Nothing but the lines from the one that holds "Black Camouflage Fabric" through the end of the material should be repeated, each exactly as it stands, and pictures stay out.

* RECORDED INFORMATION:

□ □ □ □ □ □ □

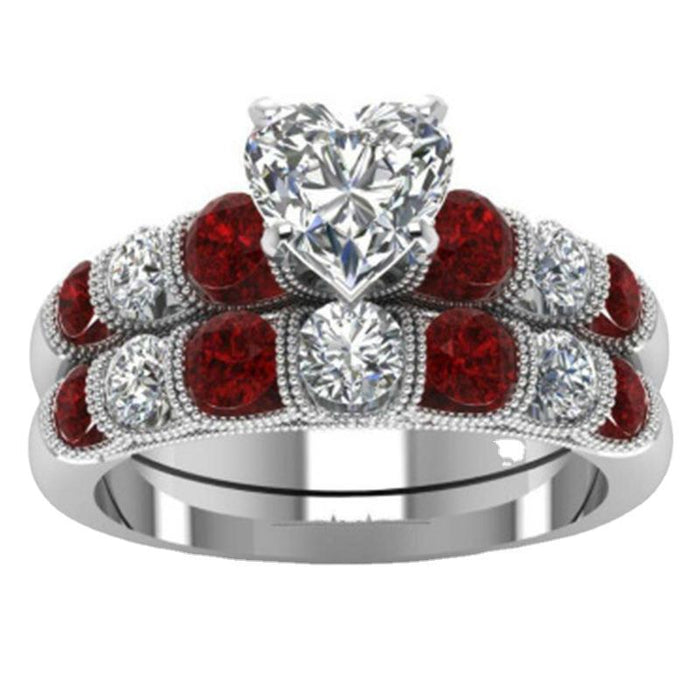 Ensemble de bagues fantaisie avec diamants en forme de cœur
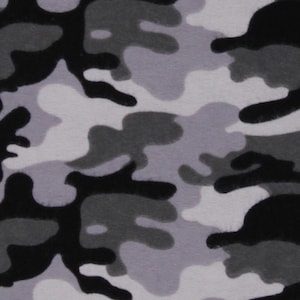 Black Camouflage Fabric by the Yard, Black Camo, Black Digital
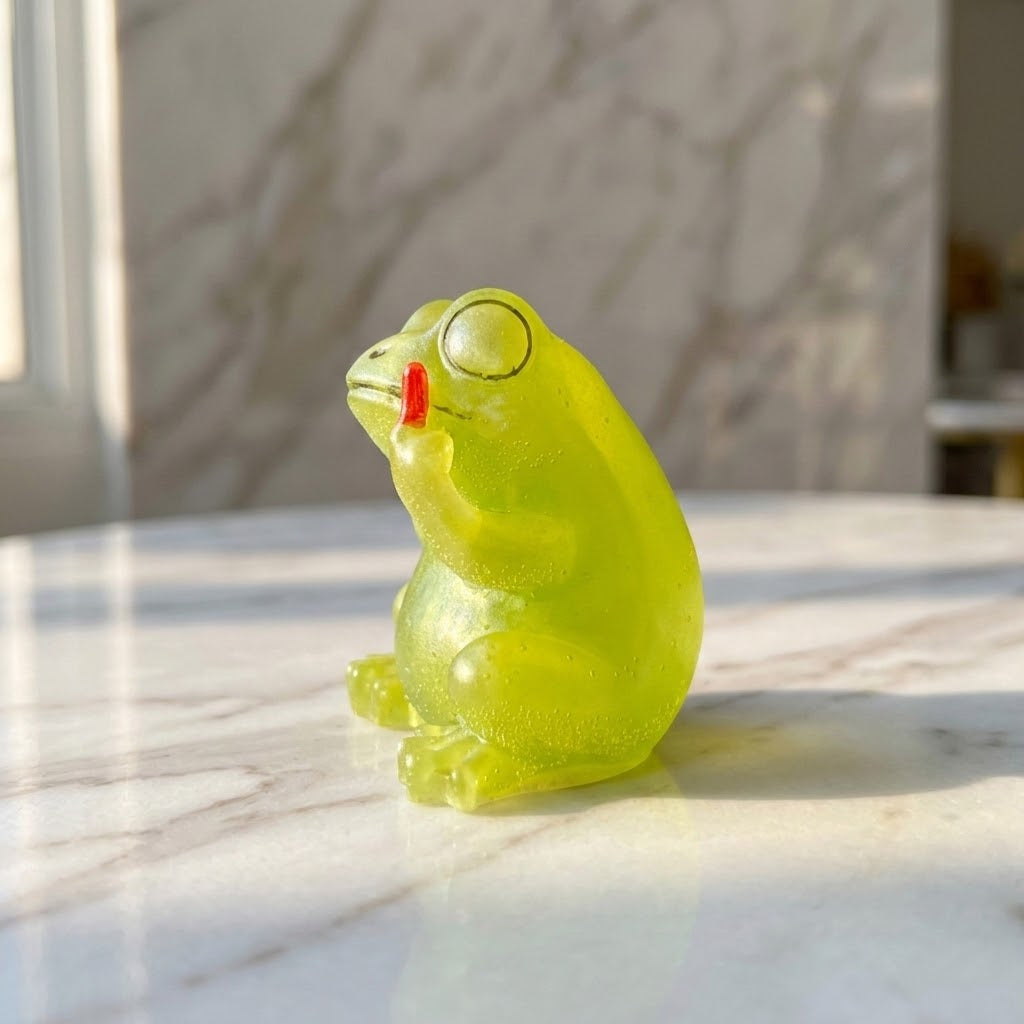 Novelty Frog Figurine - Left side view of a  translucent lime green frog figurine with a red middle finger pointing upwards, sitting on a white marble surface with a blurred marble wall in the background.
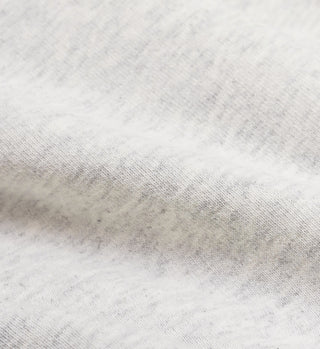 100% heather gray cotton material close up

□ □ □ □ □ □ □

* EXERCISE OUTPUT:
 Black Camouflage Fabric by the Yard, Black Camo, Black Digital
 Novelty Frog Figurine - Left side view of a  translucent lime green frog figurine with a red middle finger pointing upwards, sitting on a white marble surface with a blurred marble wall in the background.
 100% heather gray cotton material close up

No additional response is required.